I don't know how long I sat there and stared, but eventually it dawned on me that these were books that I could pick up, and look at, and even, if I could find the money, buy. And then I could read them, all of the these books that were just waiting there for me. Shaking, I reached out and picked up the first book that caught my eye, one that was at my eye-level where I was sitting by the bottom of the first bookshelf. By the time I'd read the blurb, I wanted that book, wanted it so much that it knocked the breath out of me. (And then I realised that it was dark outside, and Ellie was gone, and I had missed so many buses that my mother probably thought I was dead in a ditch somewhere, but that's a digression).
That book is sitting on the desk beside me as I write. It's gone soft with age and rereading. The corners are all folded in. Its spine is creased, and coming detached. Its cover feels loose in my hand when I pick it up. It's been lugged around in ugly schoolbags, in the bottom of my student backpacks, in smart handbags on commuter trains. It's been to Oxford, Cambridge, London, all over the south east. I can still remember little bits of it off by heart, especially from the opening pages.
That book is The Diamond Throne. In case anyone reading this doesn't know, the man who wrote it died this week.
I loved Eddings' books as a teenager. I remember going into the bookshop every night on the way home to check if The Shining Ones was out in paperback yet. I remember spending an RE lesson desperately whispering spoilers for The Hidden City to my poor best friend, who was waiting for me to finish it and lend it to her, until she and our teacher both begged me to be quiet. I bought The Rivan Codex in hardback on the release date and considered it money well-spent. I've read The Losers, High Hunt and Regina's Song (though I found them all either dull or contrived - some plot elements don't translate well to other genres). As a young adult, I found his writing more frustrating, particularly his female characters, but I still kept my copies, and I still reread them.
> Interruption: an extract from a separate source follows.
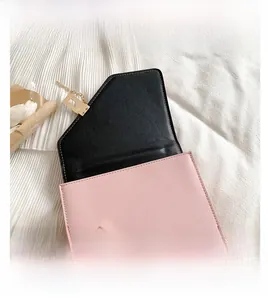 Detailed view of pink crossbody bag showing gold rectangular clasp and black flap interior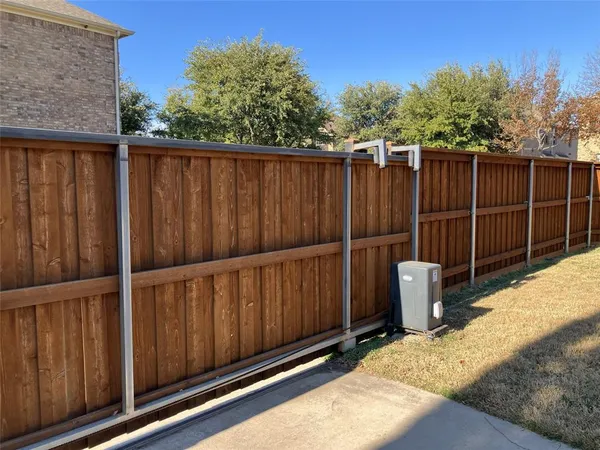 a view of a backyard with wooden fence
Last year, I sat down and reread The Belgariad again, and just enjoyed the sheer craftmanship of it.
As a writer, I was hugely influenced by Eddings, particularly by The Elenium, which I vastly preferred. The Belgariad is great fun, especially for an Arthurian geek, but Sparhawk's world was real to me in a way Garion's never was. Here was this messy, dirty complicated world, with murky politics and dreadful weather and heroes who were weary and occasionally bad-tempered and more prone to bantering than long-winded speeches, but still heroes for all that. I can't quite remember how I first reacted to the opening of the books, with this tired man riding in the rain, musing on his past, but by the time I reached the third book, the road to Cimmura was one of my favourite places. That mixture of realism, melancholy and wry humour had a huge influence on my writing. In a way, whenever Tiger watches the mist gather over Atlantis, or Geldorath struggles with hiraeth or the rain starts falling on the Ardent Tamarisk, they're on the road to Cimmura in the rain.
There's more I could say, but I have reports to write, and a battered, much loved set of books to start rereading.